D’autres auront certainement des récits plus brillants mais le mien est celui d’une candidate qui compense par la persévérance et son goût certain pour la discipline sa difficulté à atteindre LE niveau attendu d’un jury à juste titre exigeant et qui m’a semblé très juste dans ses évaluations.

J’ai beaucoup apprécié la dimension nationale du concours, qui met tous les candidats dans les mêmes conditions. Etudiante à Paris, j’aurais eu tendance à me croire, jusqu’au niveau  licence,   supérieure aux étudiants provinciaux car nous étions bien plus nombreux dans les amphis,(pas de place assise pour tous)  la survie y était plus difficile, l’anonymat la règle, les professeurs lointains .Et je trouvais que suivre les cours en Sorbonne donnait une valeur ajoutée aux diplômes. Pas de comparaison possible avec le concours, le succès de l’un est comparable à celui de l’autre.

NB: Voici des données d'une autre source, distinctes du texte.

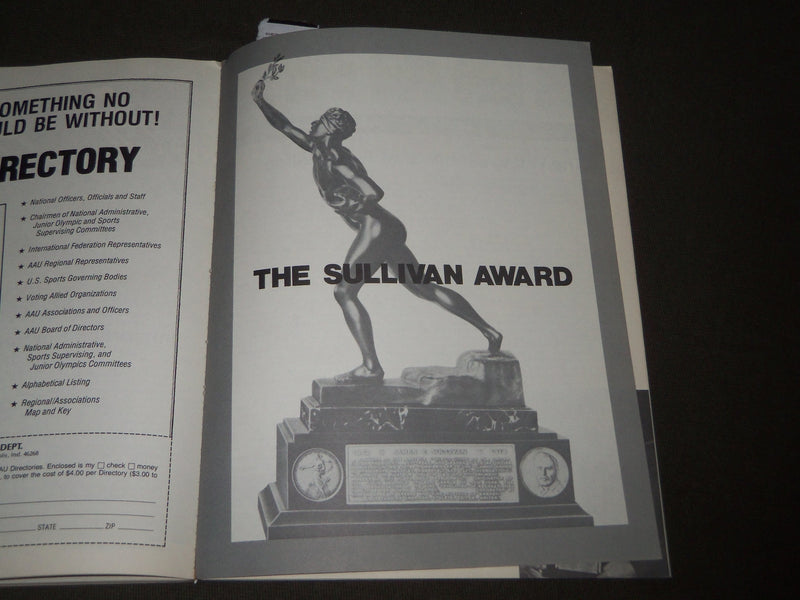1976 AMATEUR ATHLETE MAGAZINE - BRUCE JENNER COVER - CAITLYN JENNER - J 2774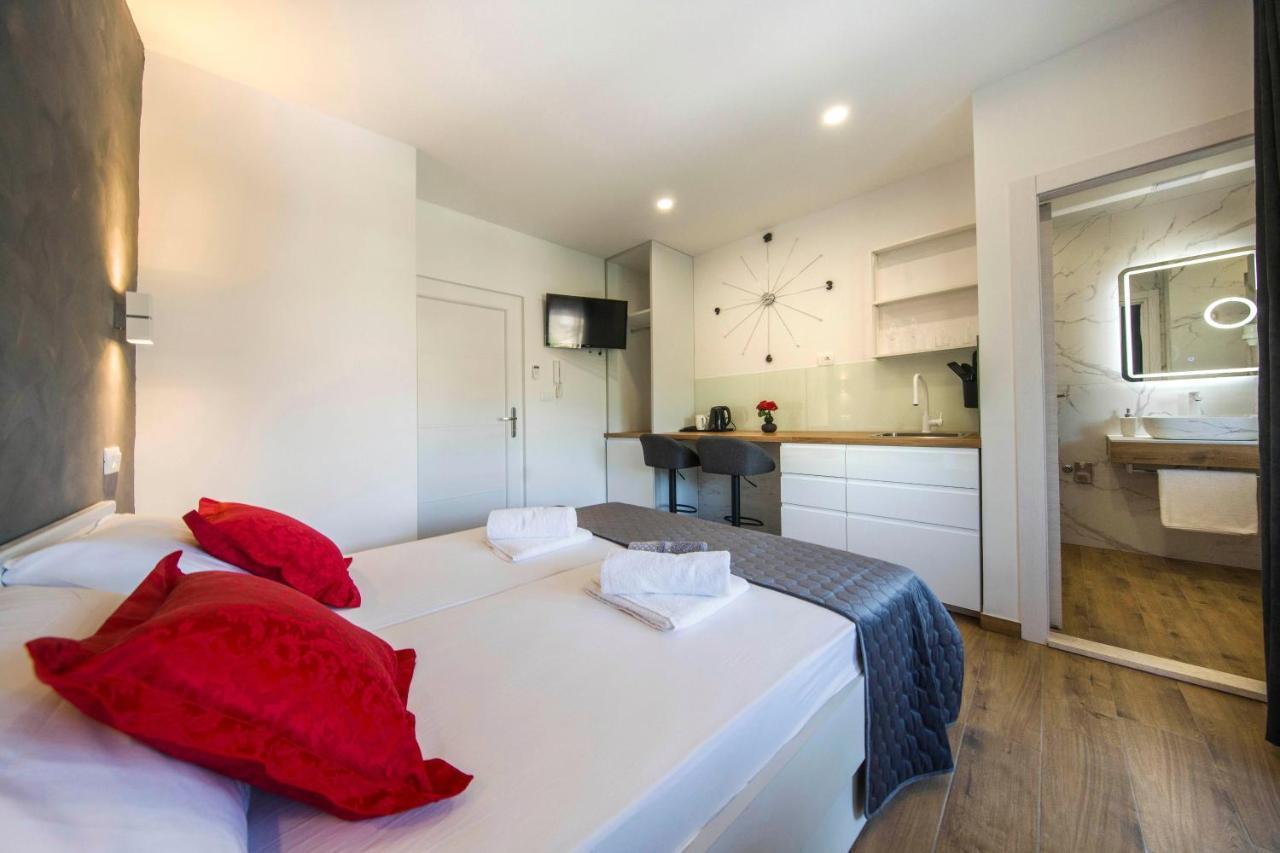 Split Central Luxury Studios Luaran gambar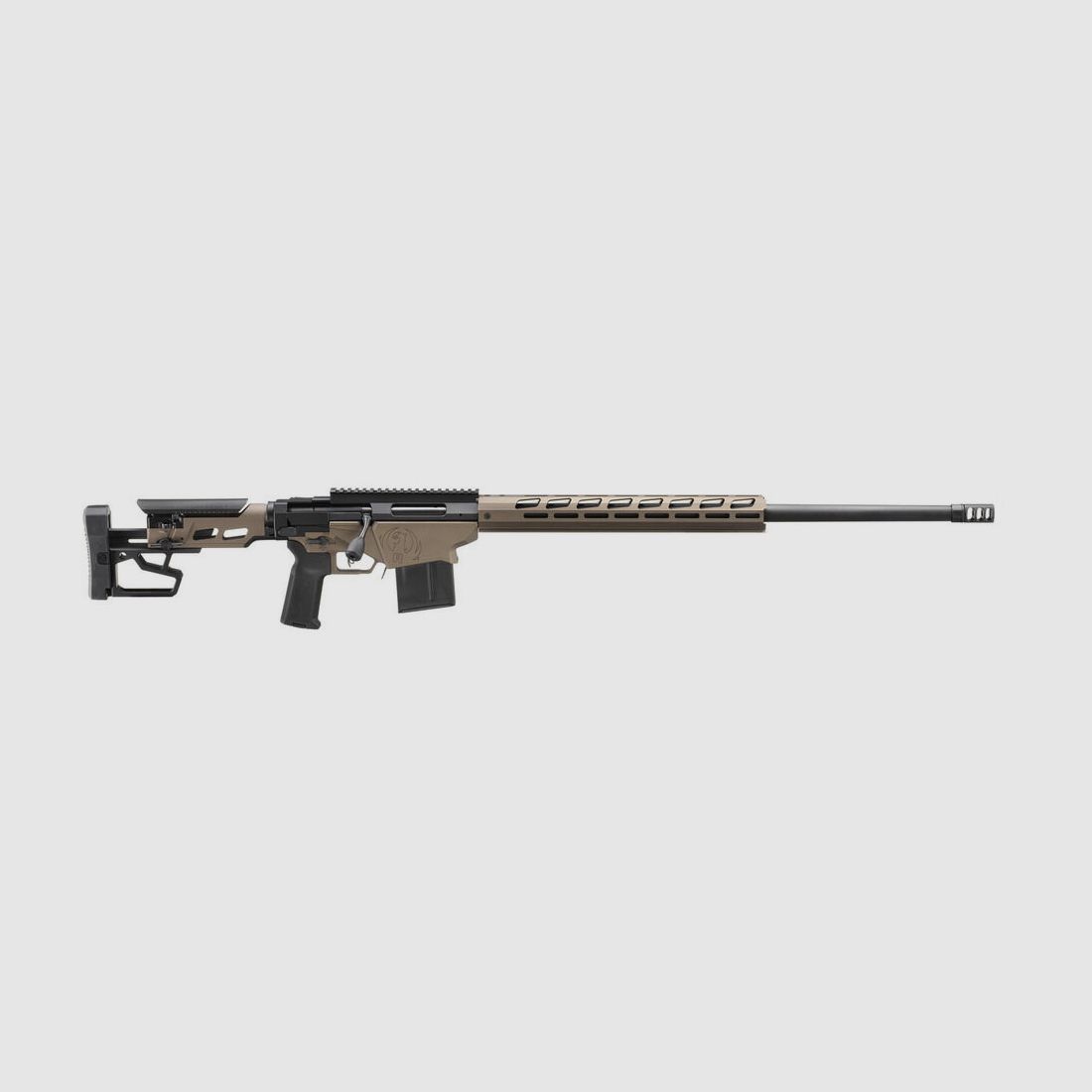 Ruger PRECISION RIFLE .300 PRC 26"/66CM 5/8"-24 SMOKED BRONZE CERAKOTE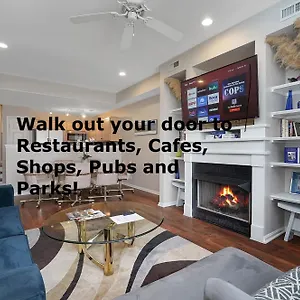 Lux Townhouse, Walk To All, Sleeps 6 Adults Louisville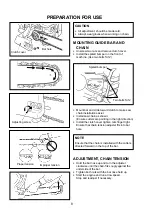 Предварительный просмотр 10 страницы Echo CS-510 Instruction Manual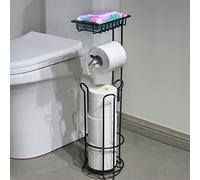 Porta di carta da cucina per asciugamano di carta per asciugamano verticale per la casa per bagno per bagno spazzatura per carta per la carta per la carta rotolo di carta (colore: bianco, dimensione:
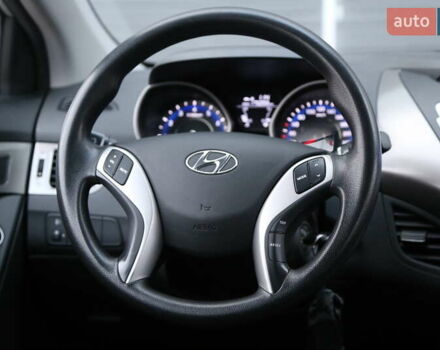 Сірий Хендай Елантра, об'ємом двигуна 1.59 л та пробігом 175 тис. км за 9200 $, фото 15 на Automoto.ua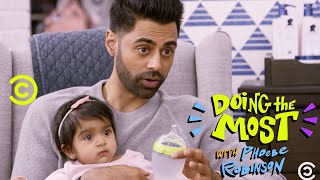Hasan Minhaj & Some Really Cute Babies  Doing the Most with Phoebe Robinson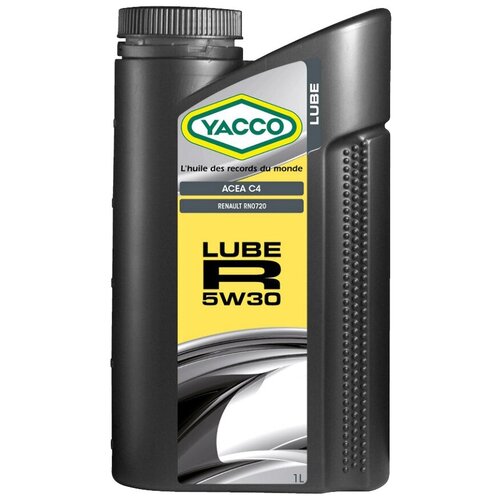 Синтетическое моторное масло Yacco Lube R 5W30, 1 л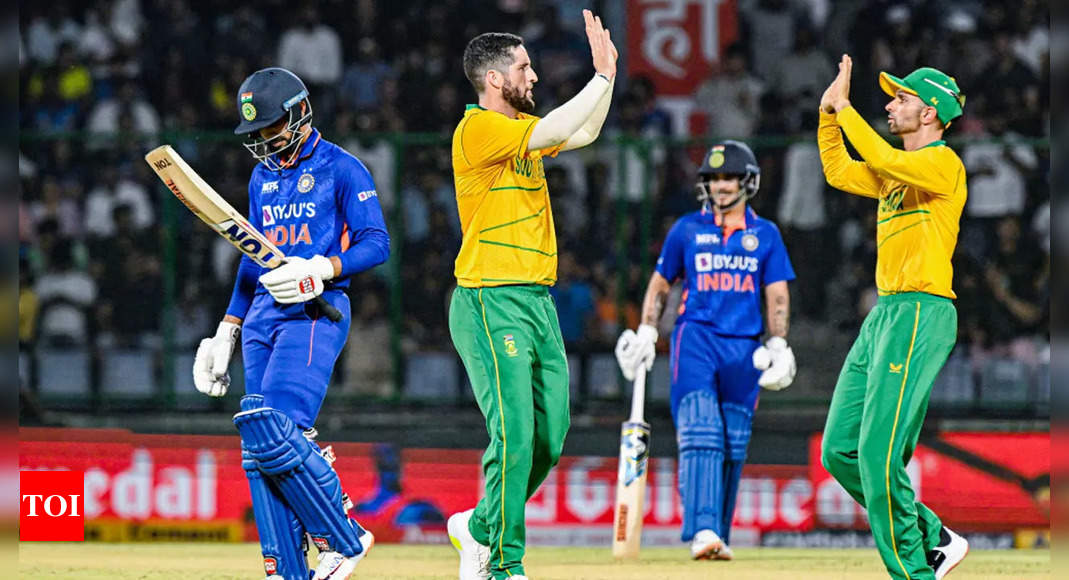 India vs South Africa: India’s new-look top-order shows intent but pace still issue for Kishans and Gaikwads | Cricket News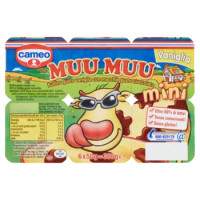 Cameo Muu Muu Mini Vaniglia 6 x 50 g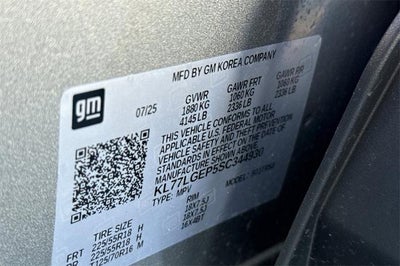 2025 Chevrolet Trax 1RS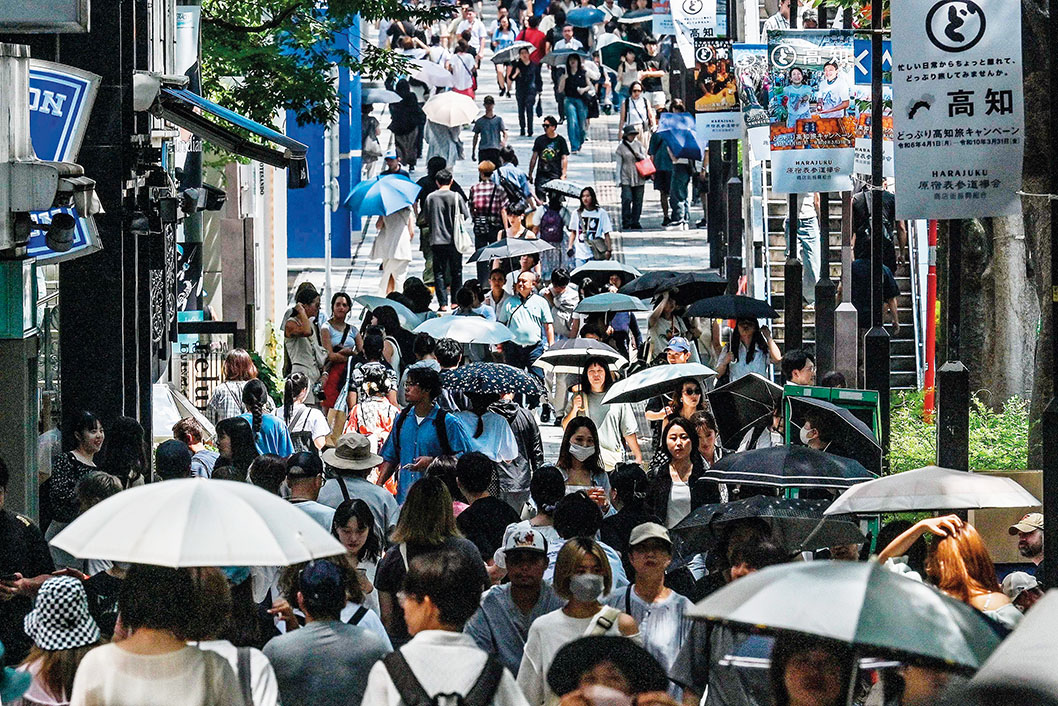 Encounter with foreigners living in Japan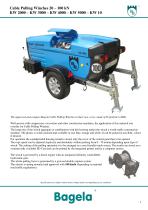 KW 2000 - KW 3000 - KW 4000 - KW 5000 - KW 10-1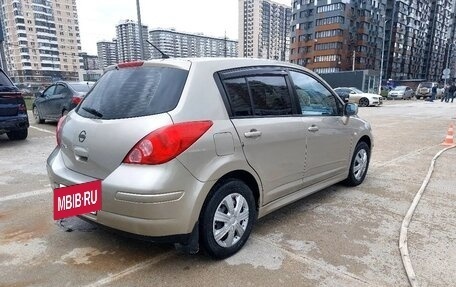 Nissan Tiida, 2012 год, 645 000 рублей, 4 фотография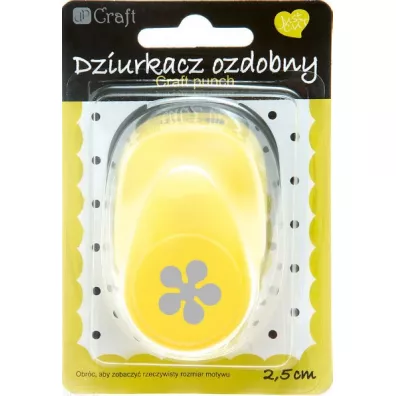 Dalprint Dziurkacz ozdobny kwiatek 2,5cm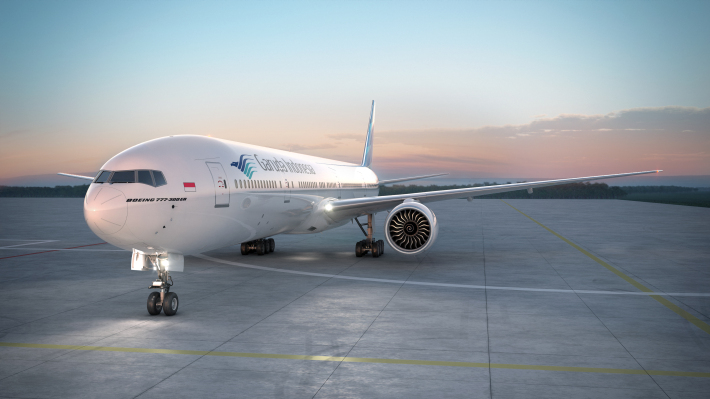 Garuda Indonesia Boeing 777-300/ER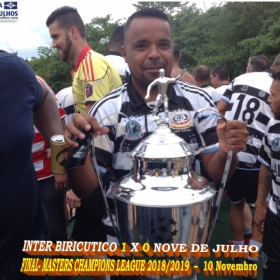 INTER BIRICUTICO É CAMPEÃO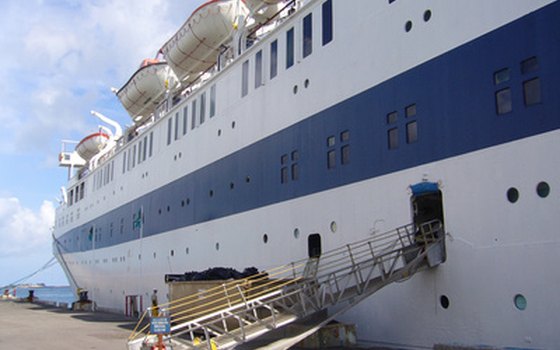 Older ships are a good choice for budget travelers to the Bahamas.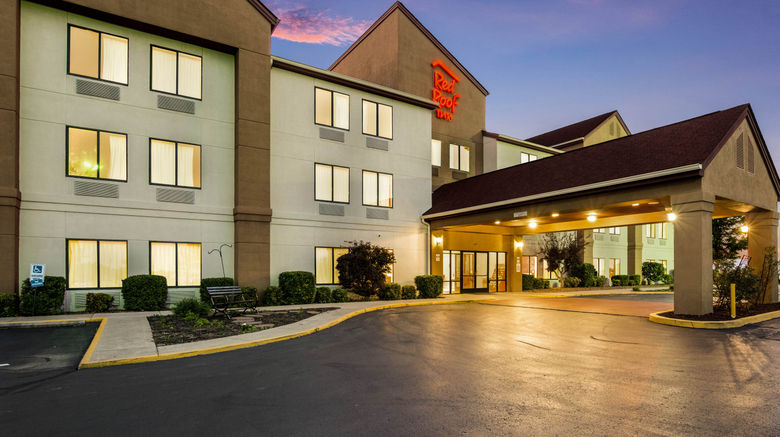 <b>Red Roof Inn Richmond, KY Exterior</b>. Images powered by <a href="https://www.leonardoworldwide.com/" title="Leonardo Worldwide" target="_blank">Leonardo</a>.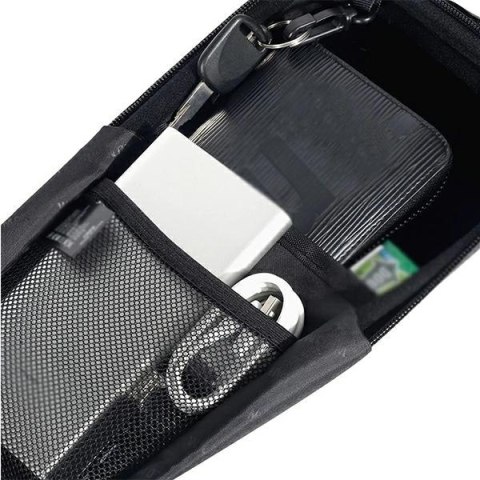 WILDMAN Etui/uchwyt na hulajnogę ES8X 2L sakwa na ramę czarna/black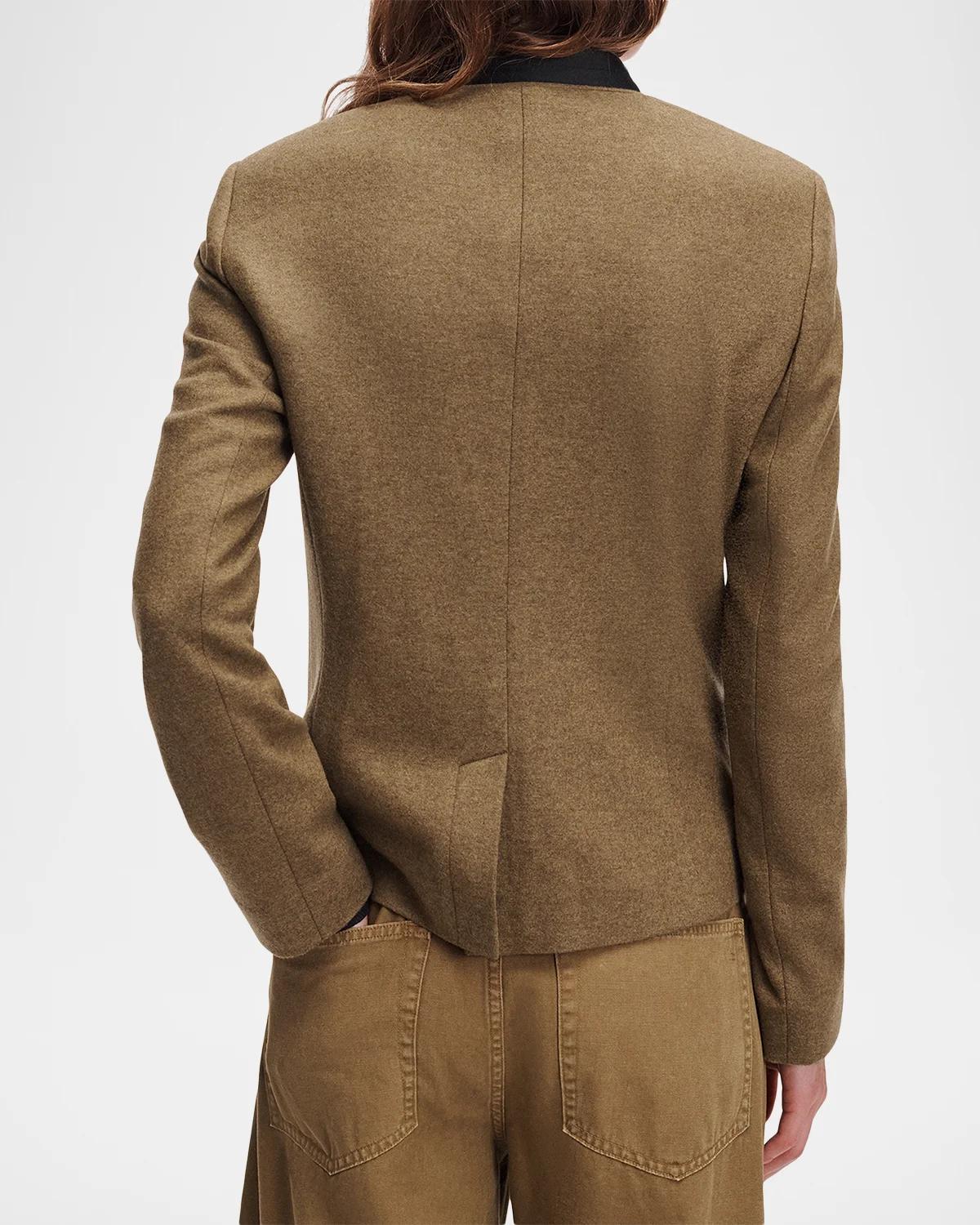 Mercer Regalia Wool Blazer - thumbnail 8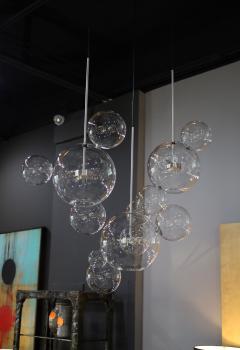  Giopato Coombes Giopato Coombes Bolle Linear 14 Chandelier - 4420174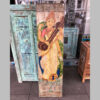 kh26 13 indian furniture painted goddess panel main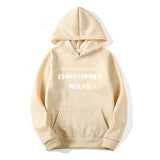 Written And Directed By Christopher Nolan hoodies Mens Women'sMen's Jackets & Hoodies24 Hour Sport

Le recul permet d’évaluer l’apport du concours pour ma carrière de professeur de lycée. Ceux qui n’ont pas le titre sont prompts à dire qu’il ne représente pas grand-chose  mais l’avoir donne de l’assurance, justifiée par l’apport de connaissances  imposé par le concours et la reconnaissance d’aptitudes à faire partager ce savoir. Titre reconnu par les éditeurs, ce qui m’a aidée dans mon travail d’auteur de manuels scolaires.

National, exigeant, je souhaite que vive encore longtemps le concours de l’agrégation.